The basic differences between the new pilot process and the old one are:

• There’s no national panel process of pre-approved candidates – people self-nominate and it’s up to the CLPs and a representative from the relevant Regional Board to apply quality control
• The process is shorter – four weeks of live campaigning with access to a membership list after shortlisting rather than the previous 12 weeks from self-nomination
• Longlisting (by CV) and short-listing (by interview) are by a selection committee elected by the CLP EC, rather than by the full GC
• The materials candidates can put out used to be unlimited; now they are limited to two leaflets and an ‘out card’

The sharp end of the process – a hustings with voting by all CLP members – remains fundamentally the same.

The principle we were seeking to apply as an NEC were:
• To streamline and speed up what had become a cumbersome and lengthy process (three times longer than the month an actual general election campaign takes)
• To create as level a playing field as possible where anyone can access the process and no one can buy a selection with excessive weight of glossy literature (given we have criticised the Tories for using Ashcroft money to do this in general elections we needed to clean up our own internal process)
• To trust the members to make good choices of candidates and give as much control over the process as possible to CLPs themselves

We also needed to construct a process that works just as well in a safe Labour seat with 100 applicants (a process that in those kind of seats only happens once a generation and effectively decides who the MP will be) as in a total unwinnable where a local activist has to have their arm twisted to run.

Richard’s concerns are important but I think exaggerate the risks in the new process.

He worries that the selection committee ‘itself is wide open for stitching up the result. One or two strong-willed local members can, either on behalf of potential candidates or just with an axe to grind, skew the whole outcome of the selection.’ But that could already happen with GC shortlisting and the function of the selections committee is quite clearly defined in the new procedure. It is absolutely not to make a political decision as to who should form the shortlist, as Richard fears, perhaps blocking strong candidates from going before the members. Its job is to act on behalf of the wider membership of the CLP to pick on merit the strongest possible shortlist of candidates for them to choose from. It’ll be doing this under the scrutiny of a Regional Board rep who will be looking out for any jiggery-pokery and ensuring it is an equal opps process looking at the merits of the candidates. The CLP can bring in external expertise in interview skills and equal opps to serve on the committee. They will have a clear set of criteria to judge prospective candidates against. And they will have been elected by and are accountable to the CLP EC. In every selection process I have been involved in the CLP Officers are incredibly mindful of the need to run a fair process on behalf of their members and to treat prospective candidates fairly. Whenever possible we should be trying to make sure the people directly picked by local members, with the CLP’s interests at heart, get the greatest possible control over the running of the process.

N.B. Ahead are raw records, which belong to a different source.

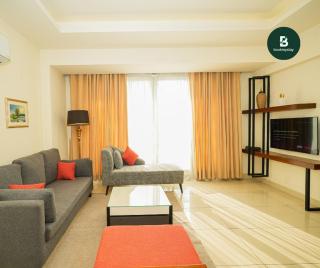 The Elysium Apartments with Views - 3
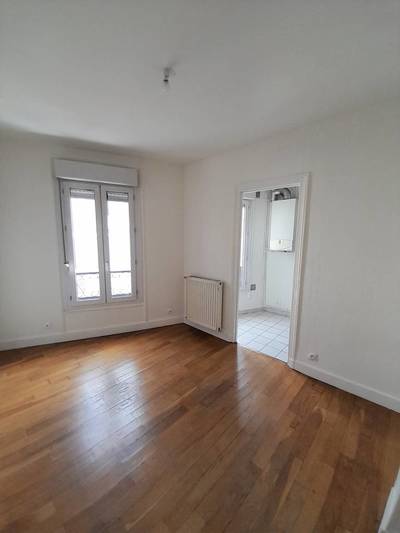 Aulnay-Sous-Bois (93600)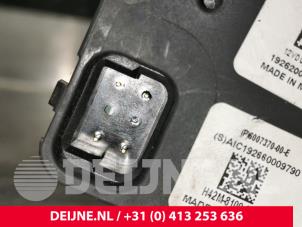 Tesla Model X Extra waterpomp O221089 foto 3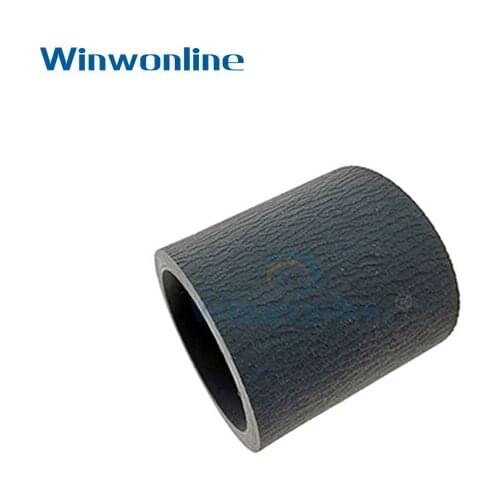 1PC PickUp Roller Rubber Tire for Pantum M5100 5200 5250 M5000 M6000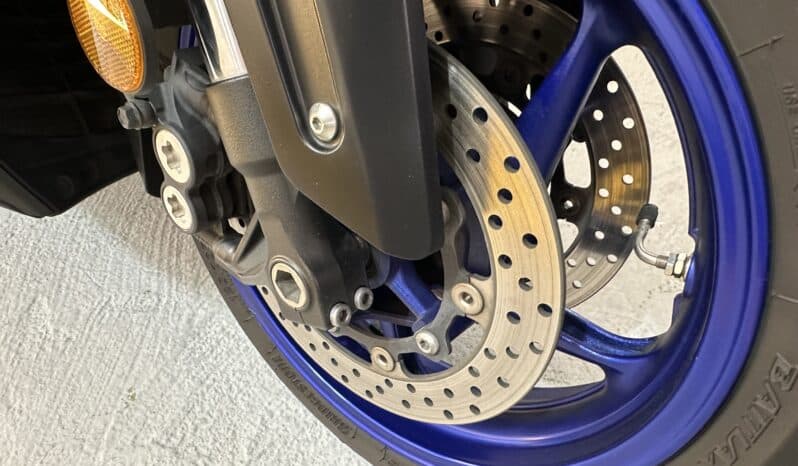 YAMAHA T-MAX 560 ABS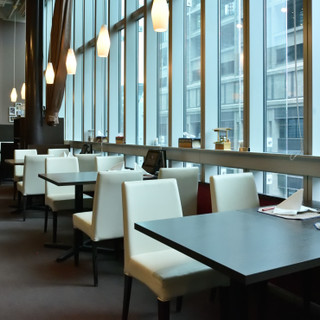 タイレストラン 沌_1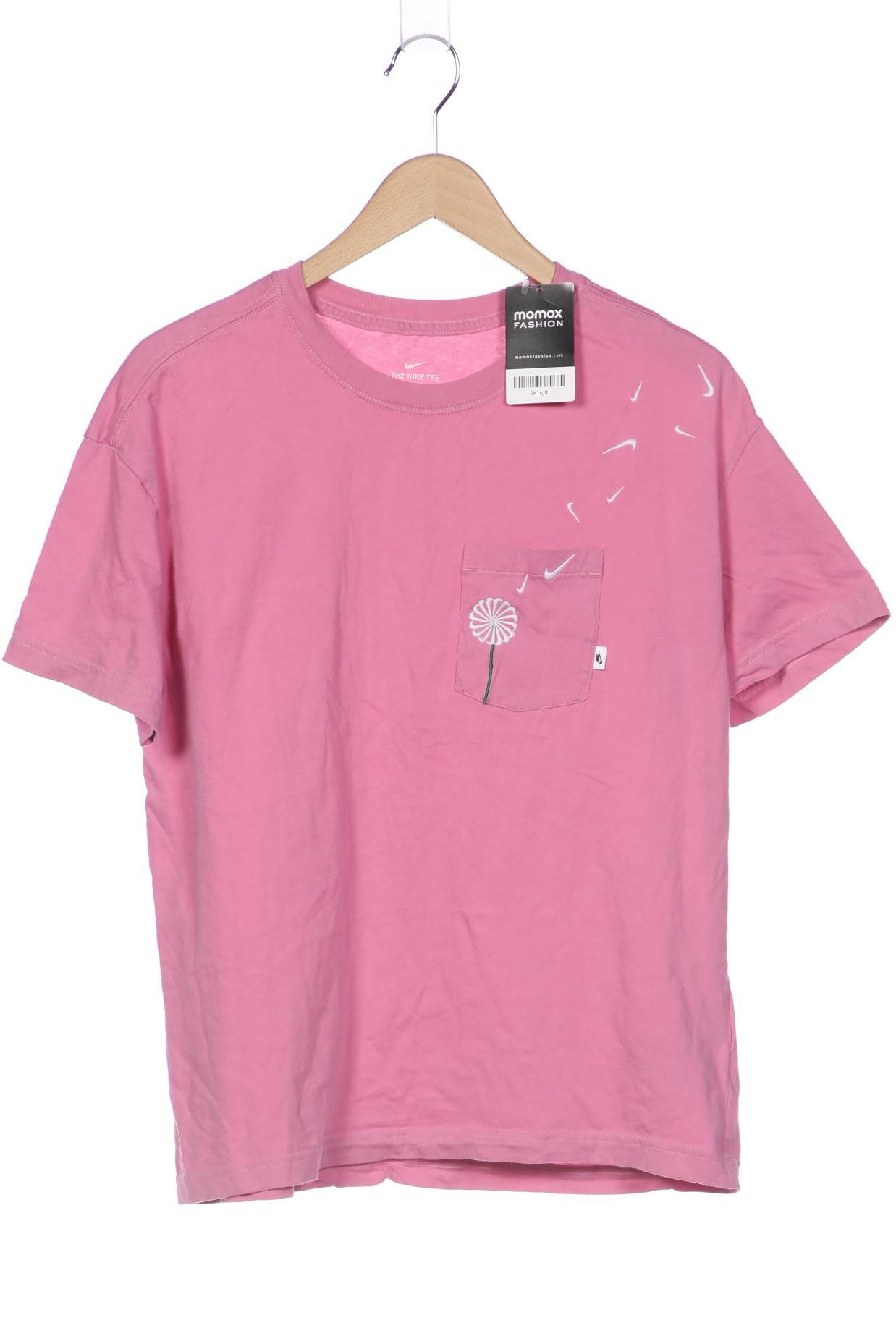 

Nike Damen T-Shirt, pink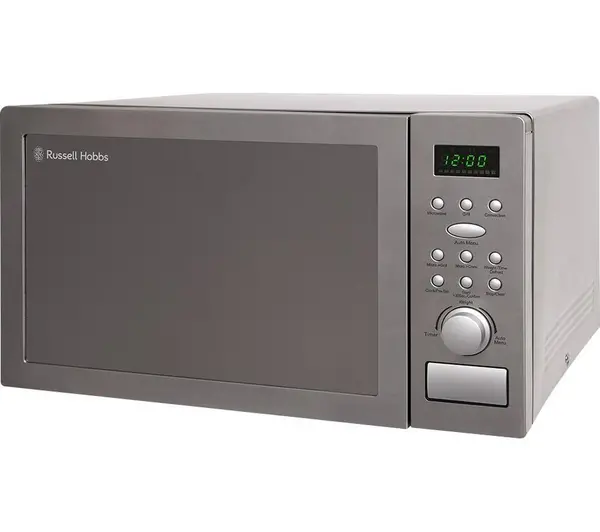 Image of Russell Hobbs RHM2574 25L 900W Digital Combination Microwave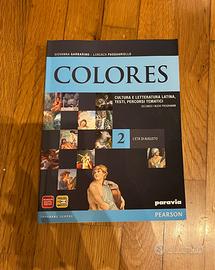 Colores 2, l’età di augusto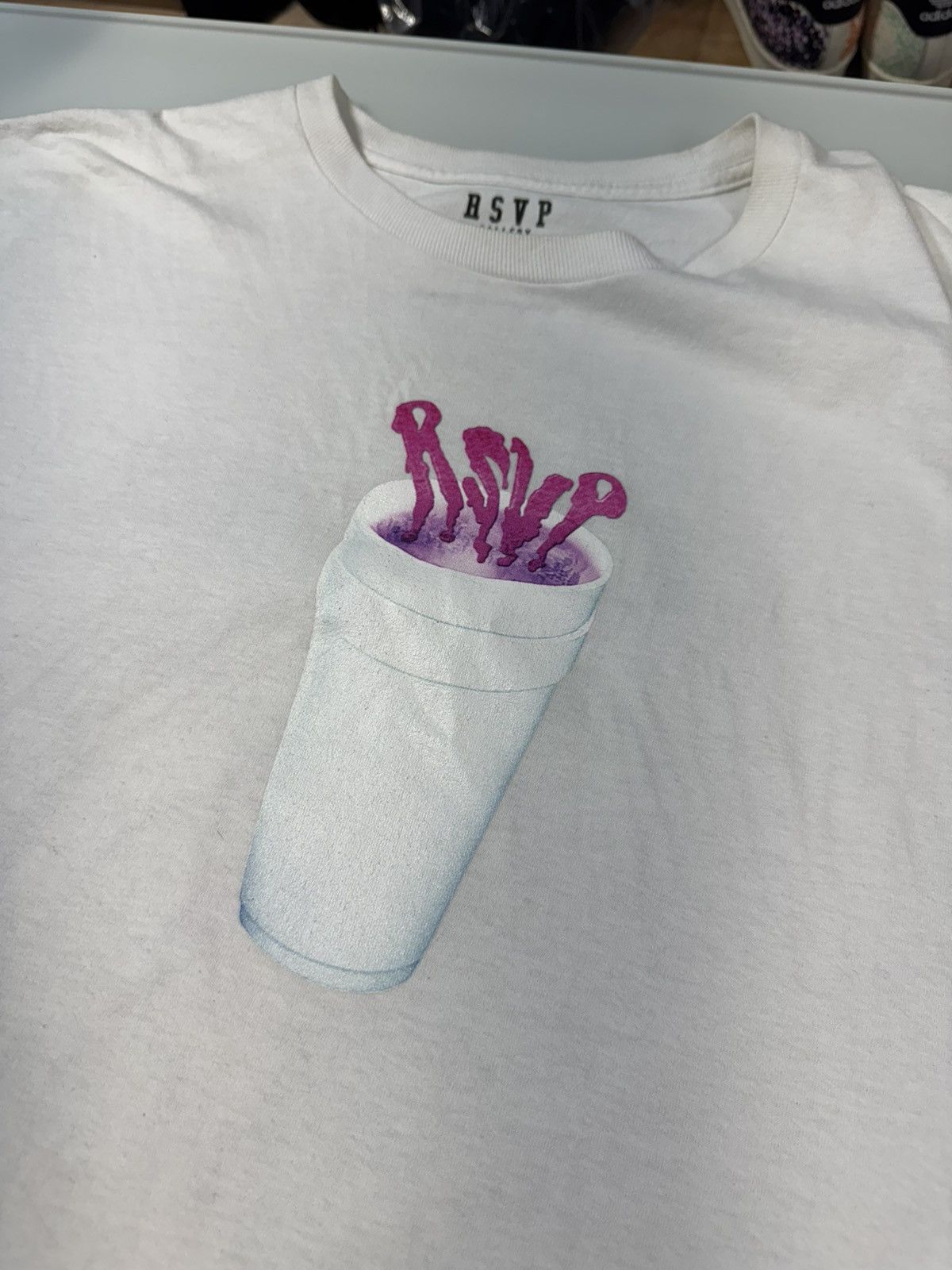 Cactus Plant Flea Market × Future ICONIC PIECE: FUTURE X RSVP GALLERY “When it rains it pours” Size US XL / EU 56 / 4 - 8 Thumbnail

Richard also says that the new process will make ‘it easier for those with a base in the constituency already’ but I don’t see the evidence for that. The previous system required the ability to get free time for a 12-week slog of a campaign, cash for unlimited expensive mailshots, access to print and design facilities, and even more cash to pay for travel and accommodation if you didn’t live locally. This sort of marathon virtually closed the door on participation to everyone except professional politicians be they people that work in politics in London, or the favoured candidates of union machines, or full-time local council cabinet members from the town concerned. Some people are lucky enough to fit into more than one of those categories! It worked against people with non-political jobs or caring responsibilities or limited cash and contributed to a narrowing of the range of people we pick as MPs.

Richard worries that the limit on the number of leaflets ‘hampers innovation in communications’. In fact it does the opposite as the leaflets permitted are allowed to point towards online material which can be presented in ways which is both innovative and interactive.

I’m not claiming the new system is perfect. That’s why it’s a pilot. Let’s see if it works and reserve our criticisms until then.